Politiker wie Geert Wilders oder Rita Verdonk, die gegen den Islam zu Felde ziehen, haben in Holland Erfolg. Warum?

Ja, sie können etwa 20 Prozent der Wählerschaft auf sich vereinigen. Wir haben jetzt eben - wie Belgien, Frankreich, Österreich und Deutschland - einen rechten Rand, daran müssen wir uns gewöhnen. In Großstädten wie Amsterdam, Rotterdam und Den Haag gibt es viele Leute, die sich von der Politik im Stich gelassen fühlen. Wir bezahlen jetzt den Preis dafür, dass wir so lange gedacht haben, es werde schon irgendwie alles gut gehen. Die Frage ist, wie wir damit umgehen.

Und wie sieht das aus?

Da bin ich im Moment wieder pessimistisch. Der Erfolg von Geert Wilders hat viel mit unserer Medienlandschaft zu tun. Alle Zeitungen sind derzeit in einer tiefen Krise, weil es bei uns jetzt vier Umsonstzeitungen gibt, die viel gelesen werden. In dieser Situation stürzt man sich auf alles, was Aufmerksamkeit verspricht. Wilders ist alle zwei Wochen gut für ein provokantes Zitat. Diese Mischung ist sehr gefährlich.
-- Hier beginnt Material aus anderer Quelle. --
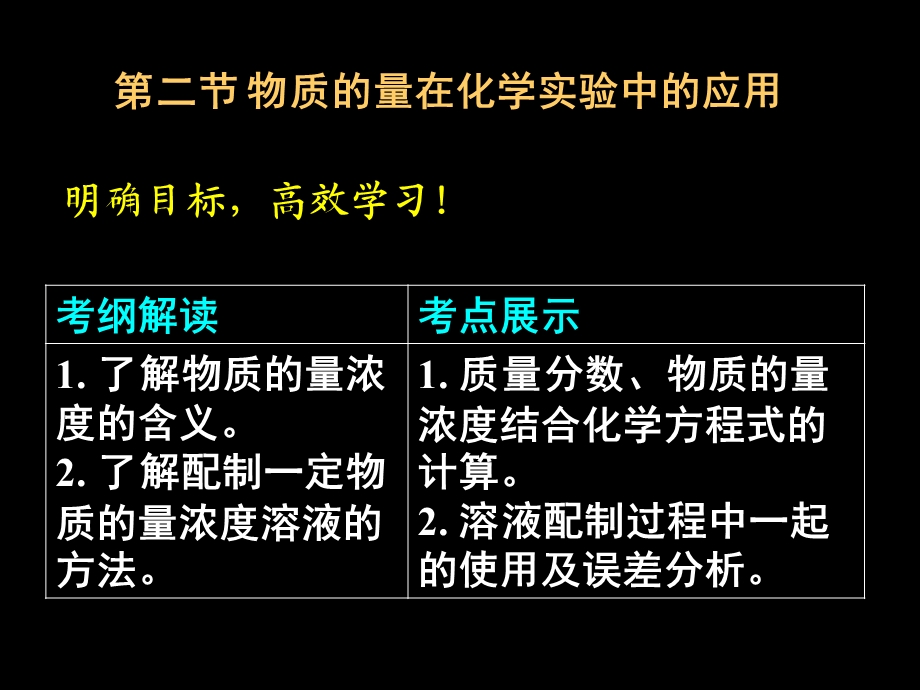 高二化学《物质的量在化学实验中的应用》(课件).ppt_第3页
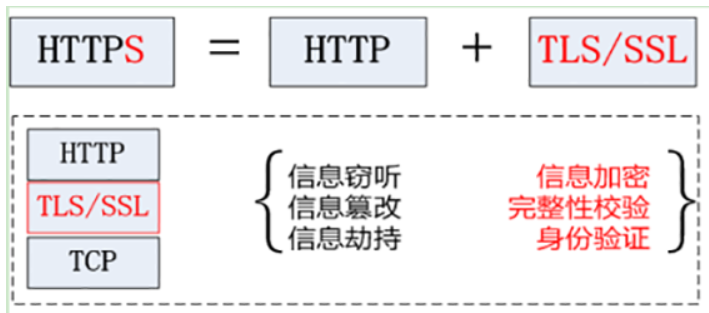 对API网关注册和接入的接口安全管理总结
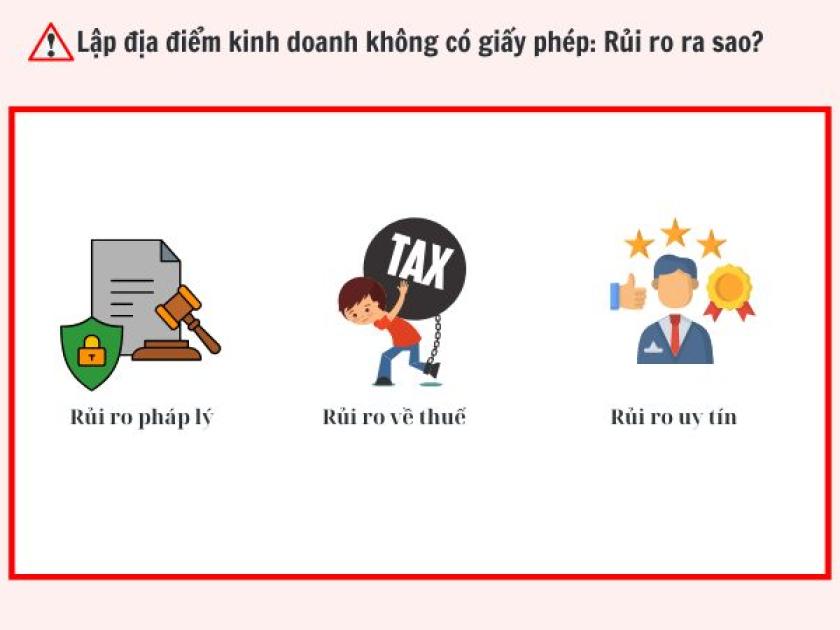 Lập địa điểm kinh doanh không có giấy phép: Rủi ro và hậu quả pháp lý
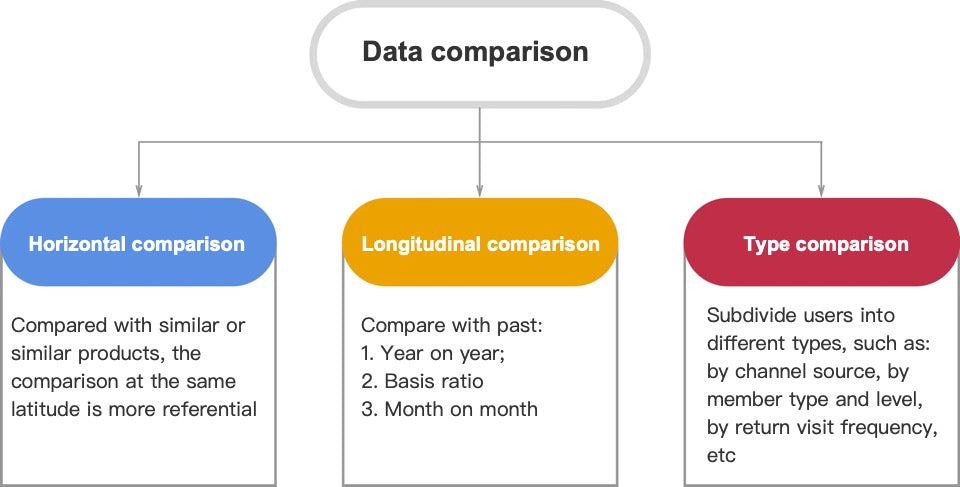data comparision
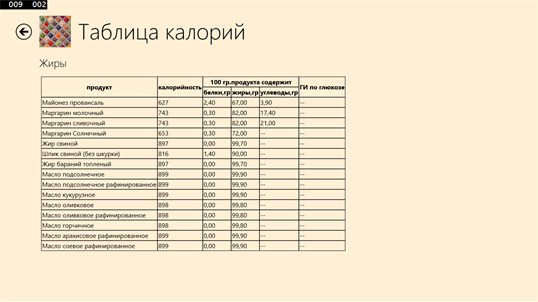 Калории таблица screenshot 2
Hat Geert Wilders das Zeug zu einem neuen Pim Fortuyn?

Nein, auch wenn Wilders das gerne wäre. Aber er hat bei Weitem nicht dessen Format. Pim Fortuyn war im Grunde ein frustrierter Sozialdemokrat. Wilders ist bloß ein typischer Händler der Angst - einer, der die Ängste einer Minderheit artikuliert.

Seit einem Jahr wird Holland von einer großen Koalition regiert. Die vorige Rechtskoalition vertrat eine rigide Ausländerpolitik. Was ist jetzt anders?

Unsere Gesetze sind noch immer sehr strikt. Aber die Politik unserer Integrationsministerin Rita Verdonk war einfach unmenschlich: Da wurden Familien getrennt und Menschen in Länder abgeschoben, in denen ihnen Lebensgefahr drohte. In ihrer Amtszeit sind die Niederlande zwei, drei Mal vom Europäischen Gerichsthof für Menschenrechte verurteilt worden - das hat es nie zuvor gegeben!

Über Rita Verdonk ist die letzte Regierung gestürzt; sie hat jetzt eine eigene Rechtspartei gegründet. Wie hat sich das politische Klima seither geändert?

Es herrscht jetzt zumindest nicht mehr diese moralische Panik, die nach den Morden an Pim Fortuyn 2002 und Theo van Gogh 2004 Einzug hielt. Leute wie Leon de Winter verbreiteten damals den Eindruck, die ganze Gesellschaft würde kollabieren und hunderttausende Muslime würden nur darauf lauern, alle unsere Intellektuellen zu ermorden. Er zeichnete die Niederlande als ein zweites Israel, von Feinden umlagert.

Welche Rolle spielte Ayaan Hirsi Ali in dieser Debatte?

Sie hat ihren Teil zu der Hysterie beigetragen, indem sie alles auf den Islam geschoben hat. Natürlich spielt die Religion eine Rolle. Aber Integration ist auch eine Frage der Politik, der ökonomischen Teilhabe, der Bildung. Inzwischen hat sich die Debatte auch wieder mehr auf solche Fragen verlagert. Das Ganze war auch eine theologische Debatte unter Intellektuellen. Die Holländer lieben solche Debatten. Aber am Ende landet man wieder bei praktischen Lösungen.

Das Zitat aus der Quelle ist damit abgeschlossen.